• [Source material]
BEGIN

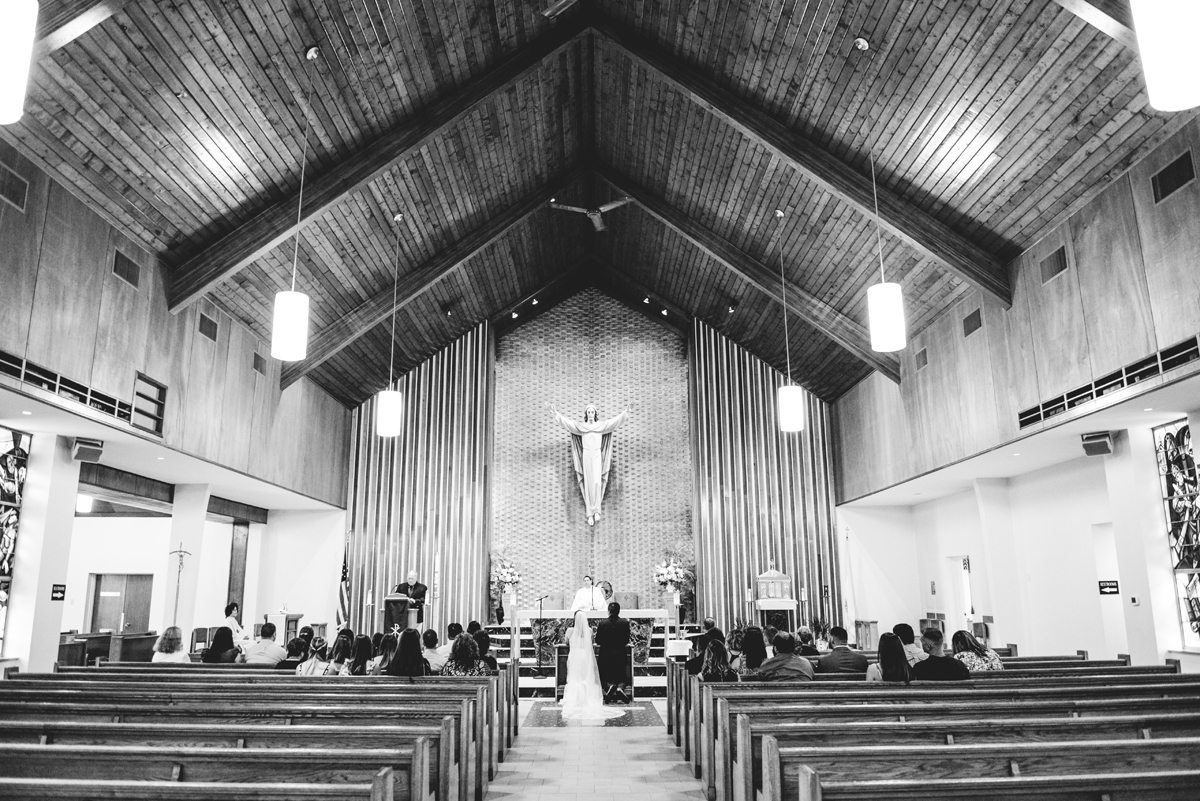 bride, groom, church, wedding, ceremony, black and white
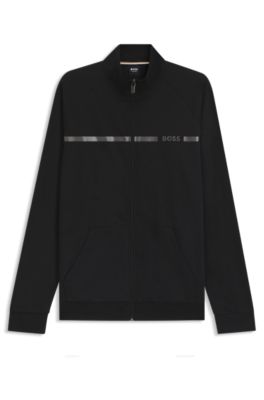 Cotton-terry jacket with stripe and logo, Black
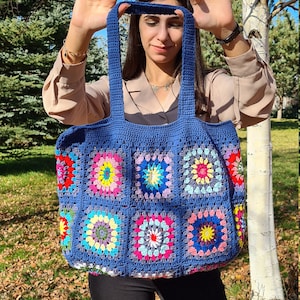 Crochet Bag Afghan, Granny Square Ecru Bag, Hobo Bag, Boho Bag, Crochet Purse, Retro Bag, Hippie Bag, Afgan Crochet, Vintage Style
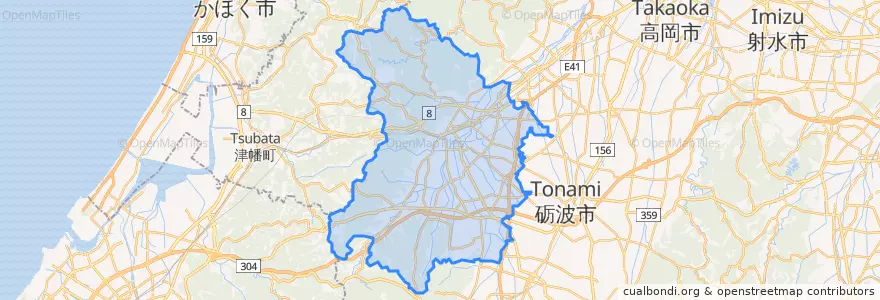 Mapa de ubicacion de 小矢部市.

END

• [Task to carry out] Without changing a word, transcribe all of the data and omit its images.

• [Exercise result]
 bride, groom, church, wedding, ceremony, black and white
 Cotton-terry jacket with stripe and logo, Black
 Crochet Bag Afghan, Granny Square Ecru Bag, Hobo Bag, Boho Bag, Crochet Purse, Retro Bag, Hippie Bag, Afgan Crochet, Vintage Style
 Mapa de ubicacion de 小矢部市.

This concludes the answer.